Though no human characters disturb the natural world of The Nature Book, Comitta reminds the reader that nature isn’t tranquil. Storms rage. Lightning strikes. One such storm leaves several pheasants slaughtered. Nature fears for its life, whether it is “the river’s babbling (which) sounded like the call of a liquid throat waiting, just waiting for the world to end,” or the beaver that seeks escape from the otter.
The language often tends toward the apocalyptic; the end of the world is mentioned at least five times in the novel. But beginnings also proliferate, such as the river which was “like traveling back to the earliest beginnings of the world, when vegetation rioted on the earth and the big trees were kings.” In short, the language reflects the scope of the novel, which is epic, spanning from the lowest depths of the ocean to the outer reaches of the universe, from darkness to darkness, creation to apocalypse.

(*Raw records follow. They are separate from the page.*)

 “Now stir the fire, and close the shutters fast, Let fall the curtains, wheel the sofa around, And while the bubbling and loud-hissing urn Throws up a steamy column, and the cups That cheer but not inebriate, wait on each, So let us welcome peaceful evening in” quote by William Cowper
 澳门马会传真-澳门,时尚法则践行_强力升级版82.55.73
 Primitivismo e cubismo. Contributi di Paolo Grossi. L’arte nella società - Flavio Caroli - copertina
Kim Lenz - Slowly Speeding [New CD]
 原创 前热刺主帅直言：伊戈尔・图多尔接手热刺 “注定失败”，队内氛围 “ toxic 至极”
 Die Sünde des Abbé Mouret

While the focus and scope of The Nature Book is impressive, it is Comitta’s skill with scenes and language that make the novel shine. As a book composed of words pilfered from other writers, Comitta’s is a unique voice. Language patterns emerge. Sentence length is varied beautifully and the shifts between sometimes near-florid description and action allow the reader to remain involved in the scene. Involved, that is, as an observer of Comitta’s humanless world.
Comitta zooms in and out of scenes, at one moment zooming in on a frigate bird and at another swooping over magnificent mountains. The music and repetition is masterful such as this description in Part II: “The bark of the trunks was green and the cheeks of the flowers were green. In fact, it was chlorophyll heaven. A green to outshine food colouring and flashing neon lights. A green to get drunk on.” Like Philip Glass’s soundtrack to Godfrey Reggio’s Quatsi trilogy, Comitta’s language composes a tone poem to accompany and drive his sweeping scenes.

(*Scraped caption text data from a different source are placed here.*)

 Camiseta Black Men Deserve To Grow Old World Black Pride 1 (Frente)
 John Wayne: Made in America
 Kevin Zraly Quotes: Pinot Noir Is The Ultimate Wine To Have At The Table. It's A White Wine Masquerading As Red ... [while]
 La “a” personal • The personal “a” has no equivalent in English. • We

The Nature Book transitions through time and space, from origins to endings, from forests to ocean depths, to the jungles, deserts and even outer space, allowing the reader to lose themself in descriptions of place.
In his essay “Landscape and Narrative,” the late Barry Lopez speaks of this “external landscape,” which is composed of the world around us: plants, animals, weather, and geology. He compares it to the “internal landscape,” which is, “a kind of projection within a person of a part of the exterior landscape.” With no characters in The Nature Book to represent how “the interior landscape responds to the character and subtlety of an exterior landscape,” Comitta asks the reader to become the character, to observe what Lopez terms “the line and color of the land,” and to allow their internal landscape their scope of the world, to be shifted, to change.